Clear to me. 1/2" difference in height

Grits
03-24-2009, 11:29 PM
I see your point.....but I see her's too. She paid a professional to do a professional job.

4.3mudder
03-24-2009, 11:38 PM
I see your point.....but I see her's too. She paid a professional to do a professional job.

But at a professional price? If he was lower than everyone else then no. She got what she paid for, and it seemed to be the short end of the stick. Not saying that it is bad on the guy who did it, but hard times right now and everyone is lowering their prices.

Grits
03-25-2009, 12:17 AM
But at a professional price? If he was lower than everyone else then no. She got what she paid for, and it seemed to be the short end of the stick. Not saying that it is bad on the guy who did it, but hard times right now and everyone is lowering their prices.

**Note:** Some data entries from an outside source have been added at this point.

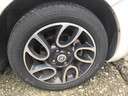玲珑轮胎汽车轮胎175/60R15 81V 玲珑臻选 HD 适配奔奔/玛驰/远景X1/江铃 实拍图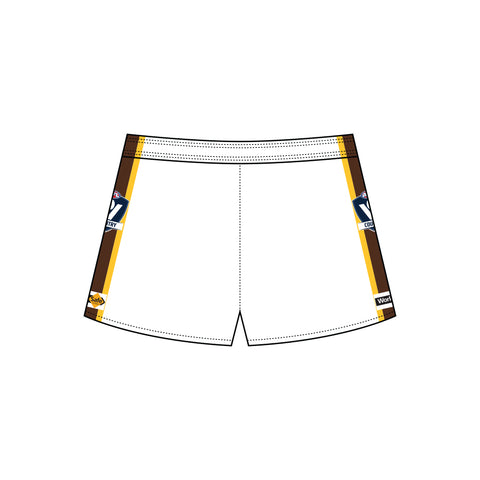 Apollo Bay FNC Football Shorts - Away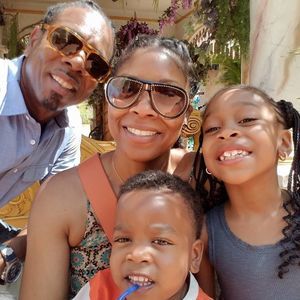 Meet your Posher, Calandra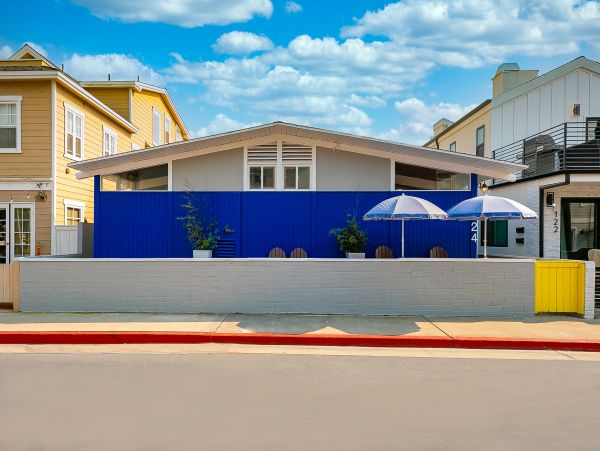 Newport Beach Home 1027534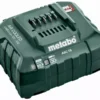 Chargeur Ultra Rapide ASC 55 12-36V METABO - 627044000 -Stanley Magasin MET00599 1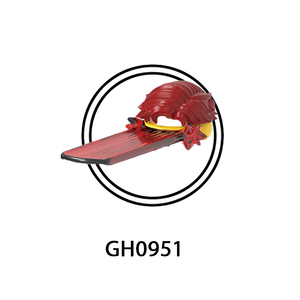 G0222 Superhelden-Serie Morph Magneto Jean Rogue <span class=keywords><strong>Cyclops</strong></span> Mini-Bausatz Figuren Bausteine Kinderspielzeug Geschenk Juguetes - Product Image 5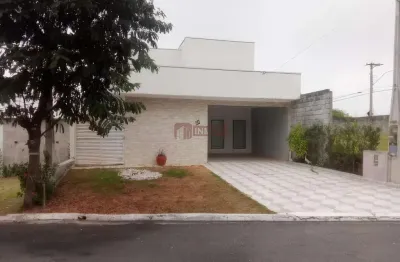 Casa (térrea) - em condomínio pinheiros de tremembé - tremembé, sp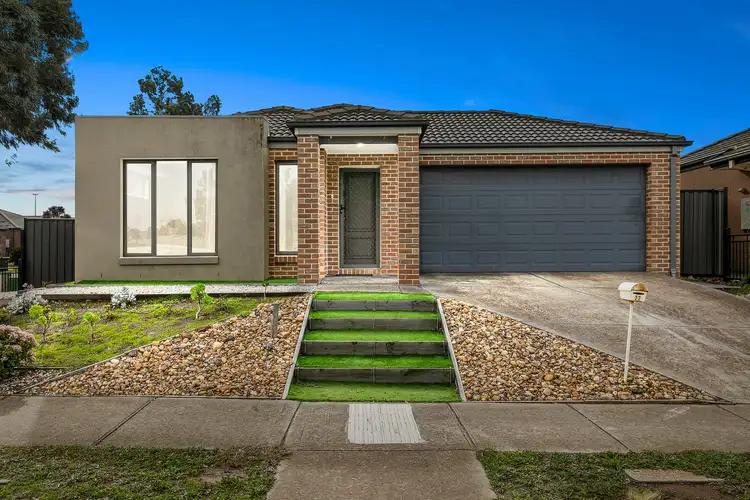 Main view of Homely house listing, 22 Wickford Road, Tarneit VIC 3029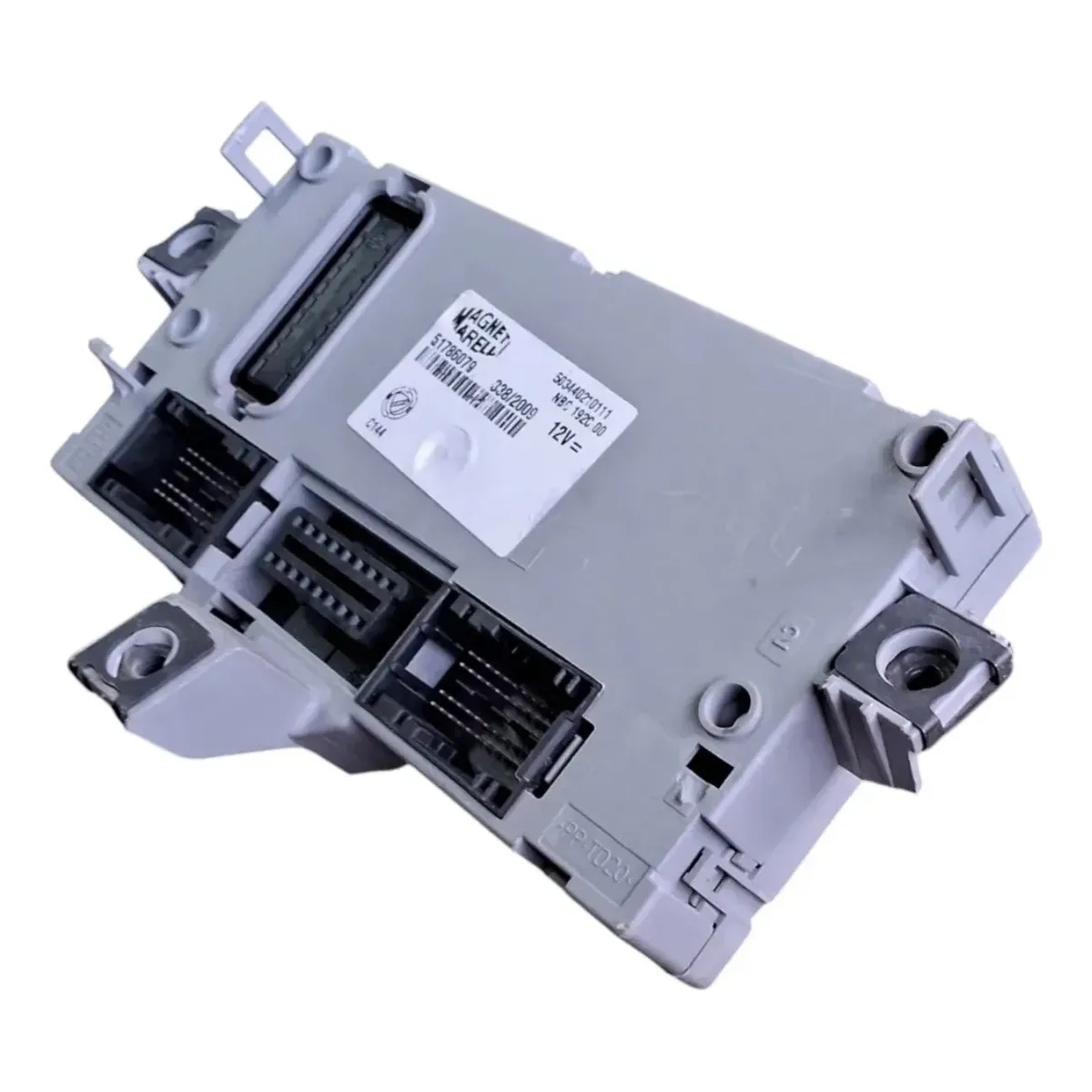 Modulo Body Computer Fiat 51747038 - Imagem 4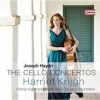 Joseph Haydn: The Cello Concertos Photo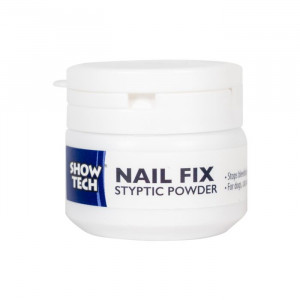 Show Tech Nail Fix Styptic Powder 14g
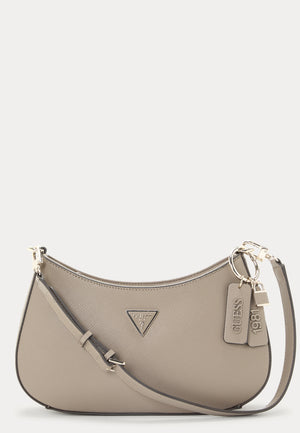 Noelle Top Zip Shoulder Bag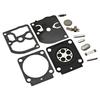 5pcs/lot Carburetor Carb Repair Kit For Stihl MS261 MS271 MS291 MS261C MS271C MS291C MS 261 271 291 Chainsaw Replacement Part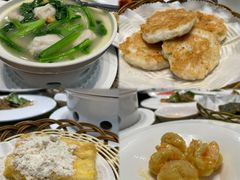 -庄氏祥记家常食府(国瑞建材家居博览中心店)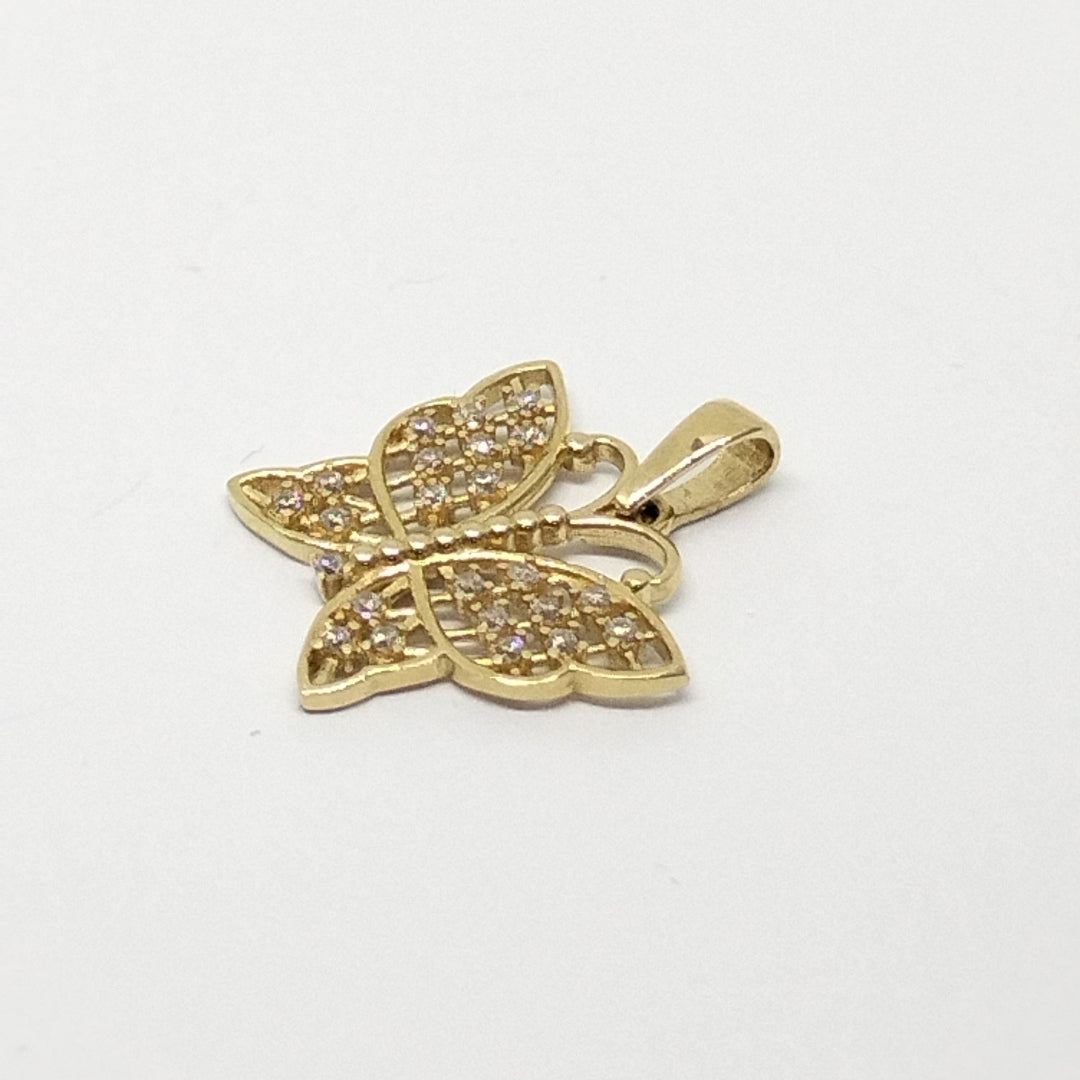 DIJES ORO 14K 1.3 (NUEVO)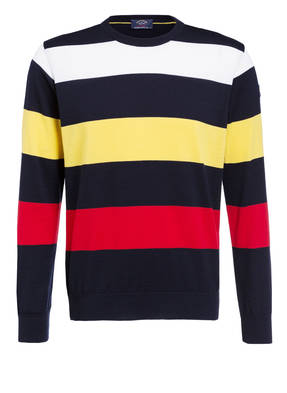 PAUL & SHARK Pullover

I disagree. It shouldn't matter what the price was. I would hate to give someone a low price, do the job in a less than professional manner, have the customer complain, and then tell them "you get what you pay for". I mean. come on, you are talking about your own company!!!!

sweetz
03-25-2009, 01:00 AM
I disagree. It shouldn't matter what the price was. I would hate to give someone a low price, do the job in a less than professional manner, have the customer complain, and then tell them "you get what you pay for". I mean. come on, you are talking about your own company!!!!

I agree. You call yourself a professional right? This is half a ass type of thinking. Just my opinion.

Littleriver1
03-25-2009, 06:45 AM
Not saying that it is bad on the guy who did it, but hard times right now and everyone is lowering their prices.

Not every one!

cgaengineer
03-25-2009, 06:54 AM
This lady calls me last week for a power raking estimate. When I gave the estimate she says that she has several others giving estimates and she will get back to me if I'm the best price. Today she calls and ask me to do the job. I happened to be in the area and had some time so I did it today. I did a great job and it looked great and I know she got a good deal because I have been lowering my prices to ensure getting jobs. Several hours later she calls me and said she inspected the work and says she wants me to come back and go over the whole yard again with my height adjustment set lower because my Quick 36 was sitting about 1/2 inch taller than my 21" which used in the spots where I couldn't get with the Quick 36. I told her that was definately not going to happen and that this is way to petty to be calling me about. Common a 1/2" differance, screw that lady.

I don't really see her argument, though I am not the customer. I assume the lawn is dormant? If so it really doesn't matter about the 1/2" difference in height in some places.

That being said I think I would try to make the customer happy and take this one on the chin. Who knows, she may call next week and want a yearly service from you...especially if you treat her right.

lawnwizards
03-25-2009, 06:58 AM
just curious, but why did you cut 1/2" shorter with your push mower?

Roger
03-25-2009, 08:25 AM
just curious, but why did you cut 1/2" shorter with your push mower?

What he asked... Why?

ProTouch Groundscapes
03-25-2009, 08:28 AM
if he had to use the 21" in spots where he couldnt get the 36", how on earth did she notice a 1/2" difference if those areas are not right next to each other??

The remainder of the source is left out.